Ah chocolate... we go to it when we are stressed... it is readily available at celebrations... and hey, let's keep it around just in case, right?
I MUST confess.... it is my staple. Yes, I eat a small piece of chocolate almost daily, and I make no apology for it. I just make sure that chocolate I choose is high in cocoa content (70% or higher, usually 85%), and as low in sugar as possible.
Now you might be wondering how to tell which chocolate has the lower sugar content... Well, that is what we are going to talk about today!
The image above is a compilation of 4 different chocolate images at my local grocery store. Same brand, 4 different types of chocolate: milk chocolate (37% cocoa), mint chocolate (60% cocoa), 70% dark chocolate, and 85% dark chocolate.
Now, if we look at the nutrition facts panel, the FIRST thing we need to look for is the 'serving size' because we need to know on how big of a portion all the nutrient information is base: in this case, "per 12 squares" or "40 g". Now, 40g might not mean much to you, but the bars are 100g bars. So we can think of the amount as 40% of the chocolate bar [40g divided by 100g, then multiply by 100 to make it a percentage]. Unfortunately, we need to check serving sizes of all the foods we are comparing because serving sizes are not standardized. In this case with it being the same brand, the serving size is the same. Yay! We wont have to do more crazy conversions!
Ok... so sugar content in the chocolate:
For the milk chocolate (blue chocolate wrapping), in a 40g portion, you would get 18g of sugar. What does that mean? Good question. There are 4tsp/g of sugar. So if we divide 18g by 4tsp/g, we get 4.5tsp sugar per 40g portion.

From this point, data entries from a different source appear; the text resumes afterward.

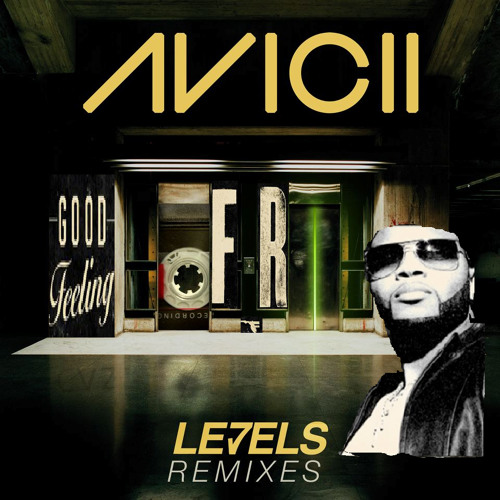 Avicii vs Flo Rida (ba5 Booster remix)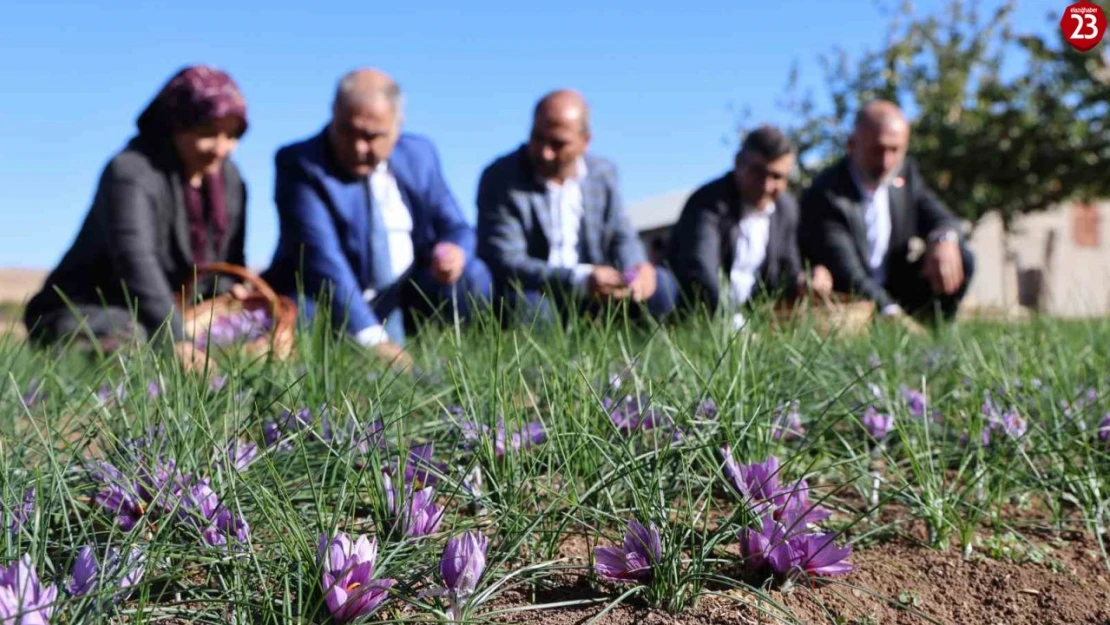 Yarımca'da Altın Değerinde Hasat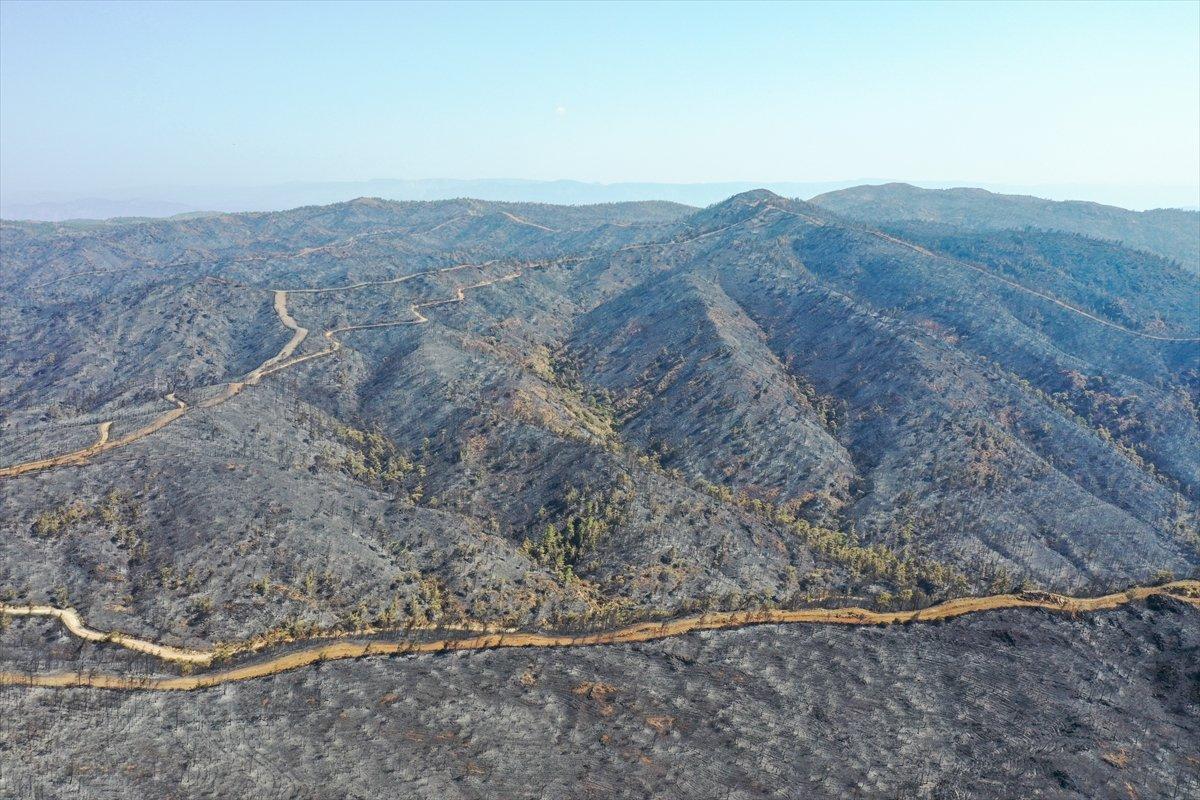 Marmaris yangınının bilançosu: Yeşilden eser kalmadı
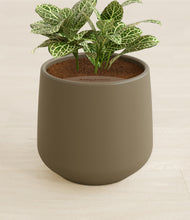 Load image into Gallery viewer, Olive stand:all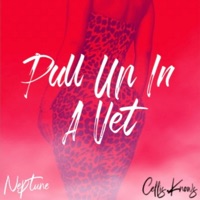 Pull Up in a Vet (feat. Cellis.Knows) - Single - Neptune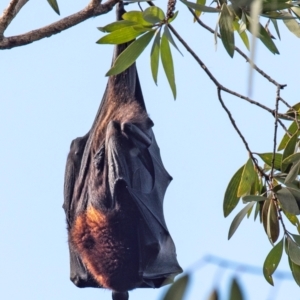 Pteropus scapulatus at Bundaberg East, QLD - 9 Sep 2020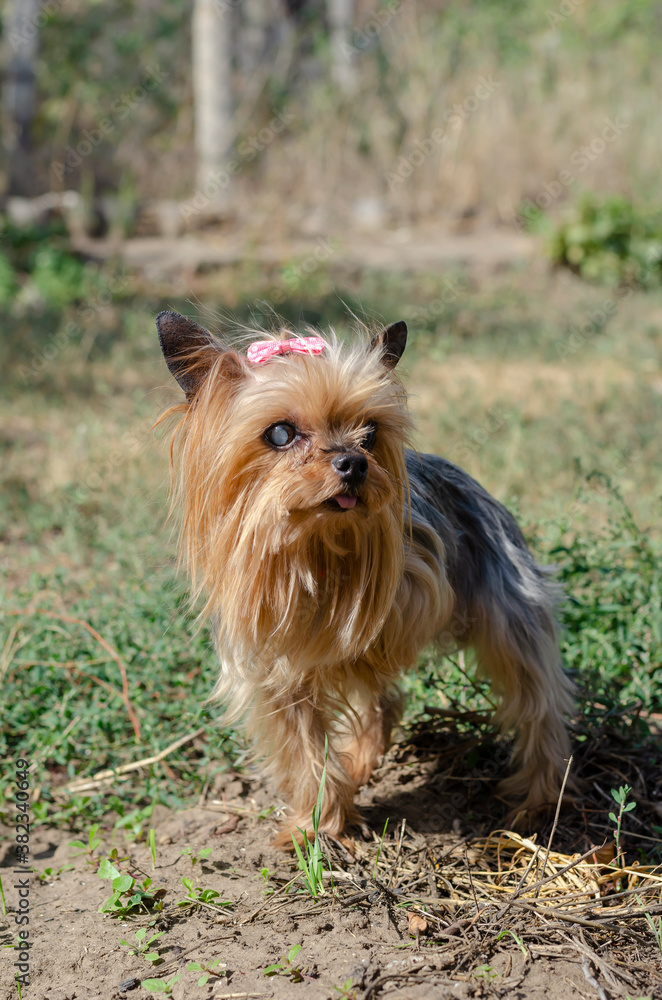 Portrait of 11 year old Yorkshire terrier in the dog park.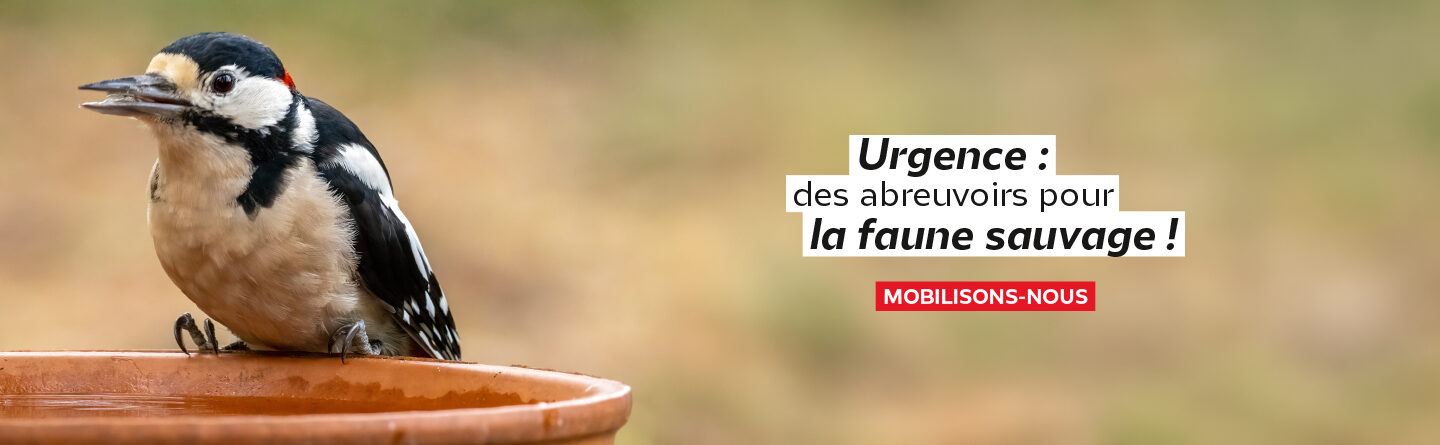 CarrouselHome_1920x445_2
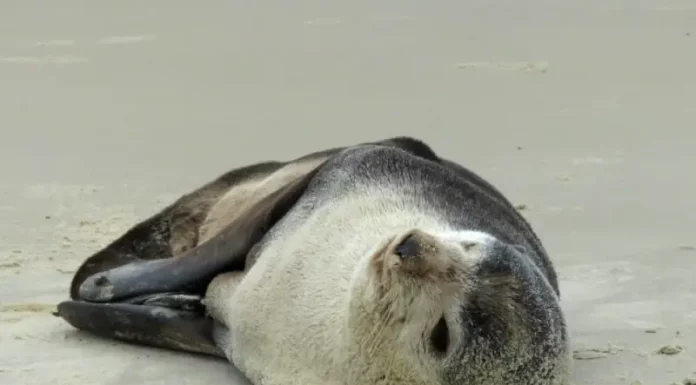 Lobo-marinho descansa na Praia dos Açores, em Florianópolis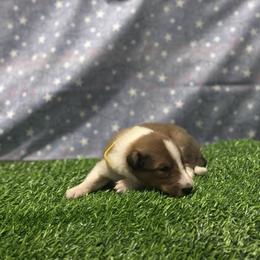 Hudson - male Scottish Collie puppy in Newcastle, Wyoming from 7K Collies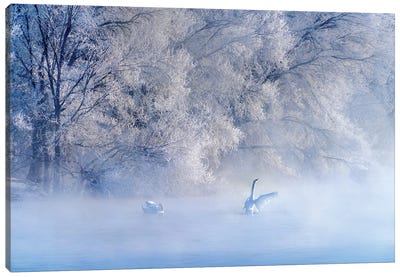 Swan Lake Canvas Art Print - 1x Scenic Photography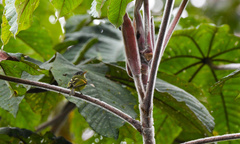 Pogonotriccus poecilotis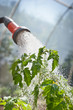 Watering seedling tomato Watering seedling tomato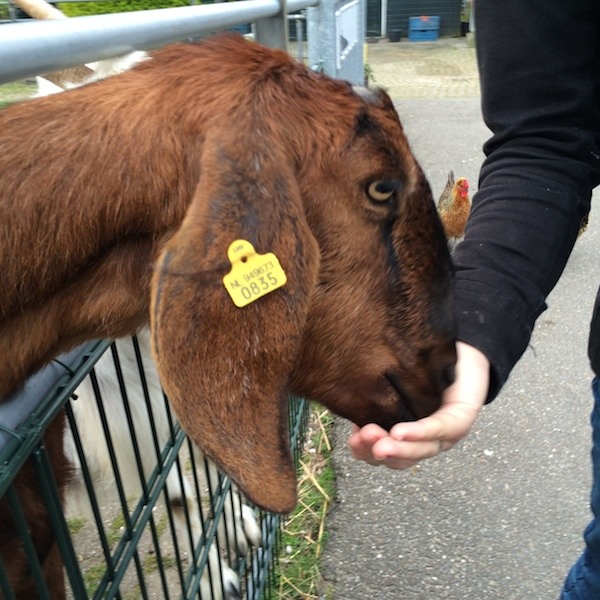Kinderboerderij Wassenaar: Geiten uit je hand laten eten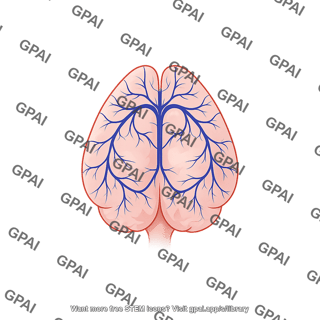 Mouse brain dorsal with vasculature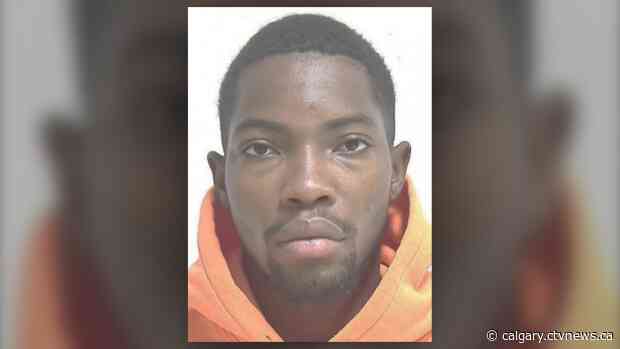 Victim of fatal Panorama Hills stabbing identified, search for suspect continues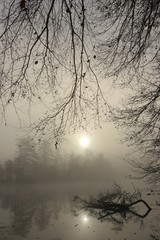 Fototapeta na wymiar dramatic lighting mood with fog at the river, condolence card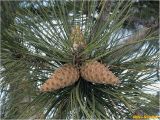 Pinus pallasiana. Часть ветви с шишками. Украина, г. Николаев, парк \"Лески\". 13.01.2017.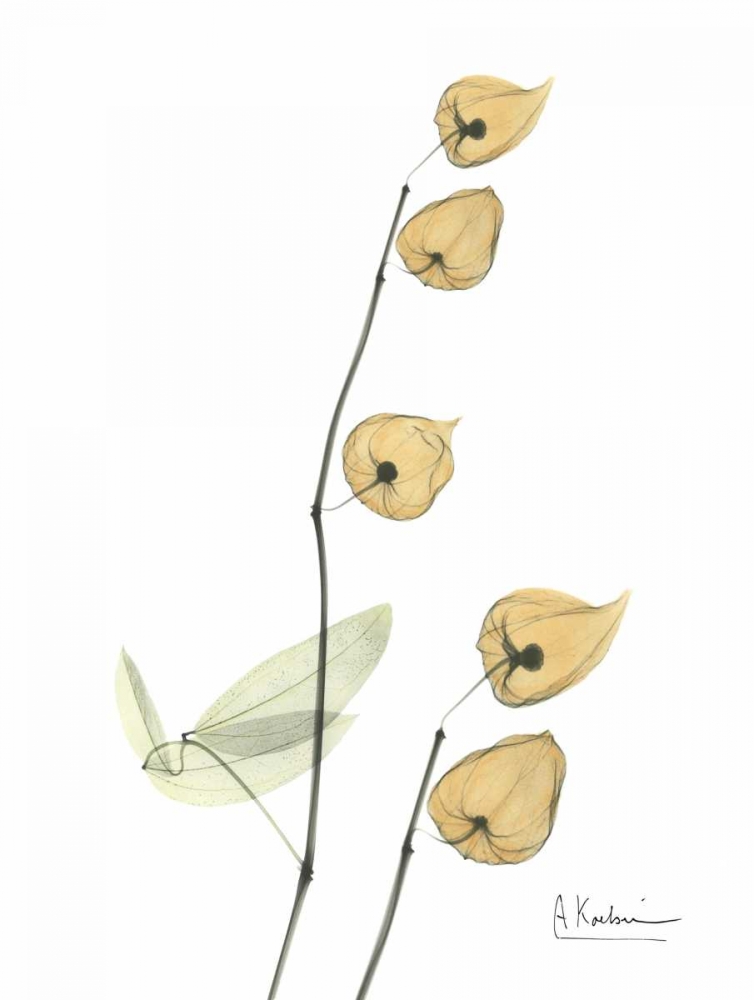 Chinese Lantern art print by Albert Koetsier for $57.95 CAD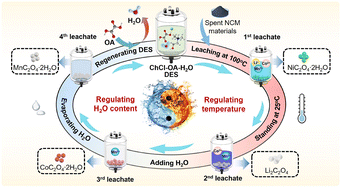 Graphical abstract: Hydration equilibrium-controlled cation–anion coordination competition for precise recovery of all valuable metals from spent lithium-ion batteries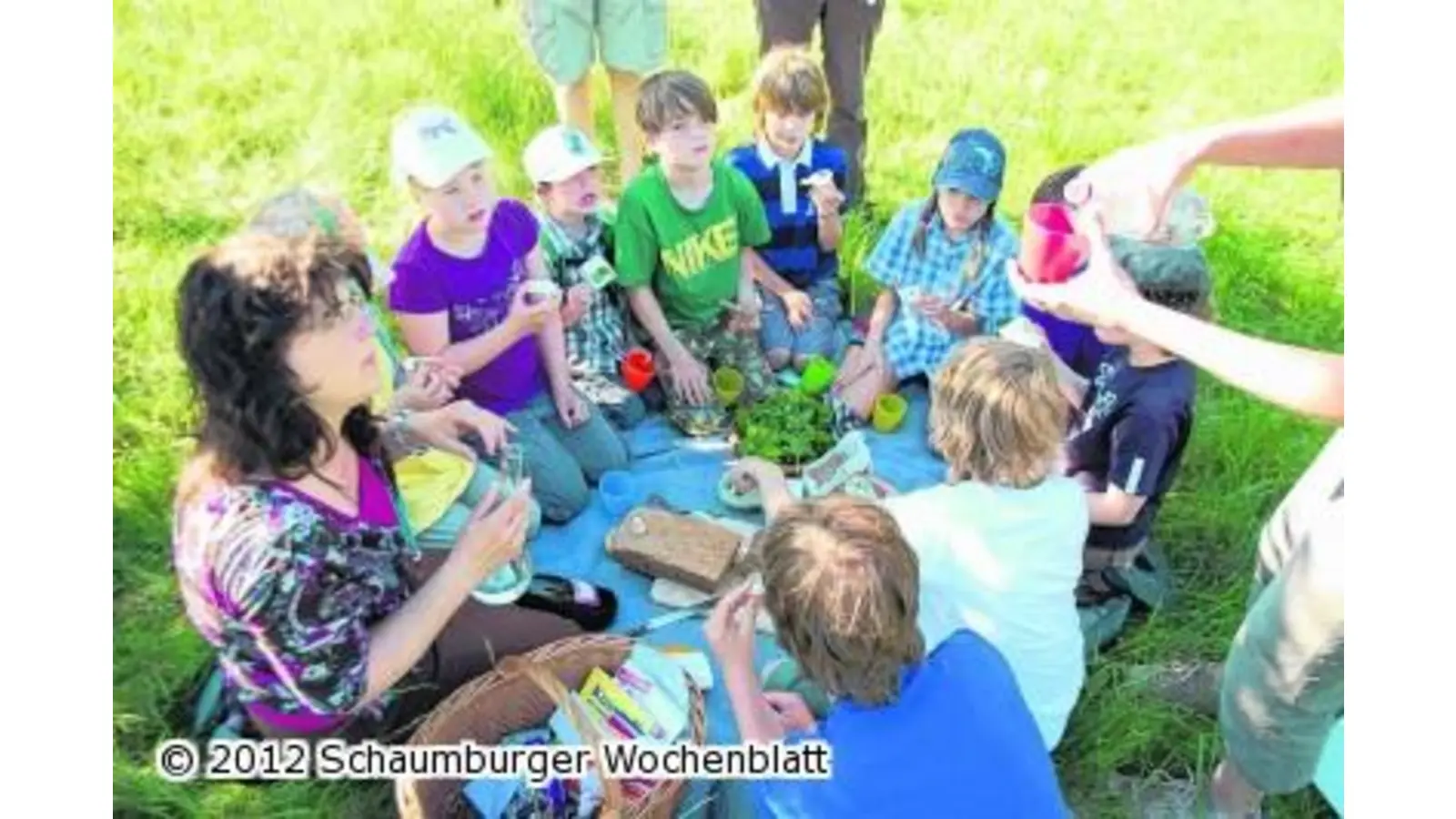 Bärlauch wächst nicht im Supermarkt (Foto: ste)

For the mint chocolate (green chocolate wrapping), in a 40g portion, you would get 15g of sugar. So if we divide 15g by 4tsp/g, we get 3.75tsp sugar per 40g portion.
For the 70% dark chocolate (dark brown chocolate wrapping), in a 40g portion, you would get 11g of sugar. So if we divide 11 by 4tsp/g, we get 2.75tsp sugar per 40g portion.
For the 85% dark chocolate (black chocolate wrapping), in a 40g portion, you would get 6g of sugar. So if we divide 6g by 4tsp/g, we get 1.5tsp sugar per 40g portion.
See how I did that? You can use this formula to calculate the amount of tsp of sugar in any food!
Now, if you are wondering whether the sugar is naturally occurring or if it is added sugar, then you need to check the ingredient list. It will be listed in order of WEIGHT. So the heaviest will be first (e.g. water), and the least heavy will be last (e.g. spices).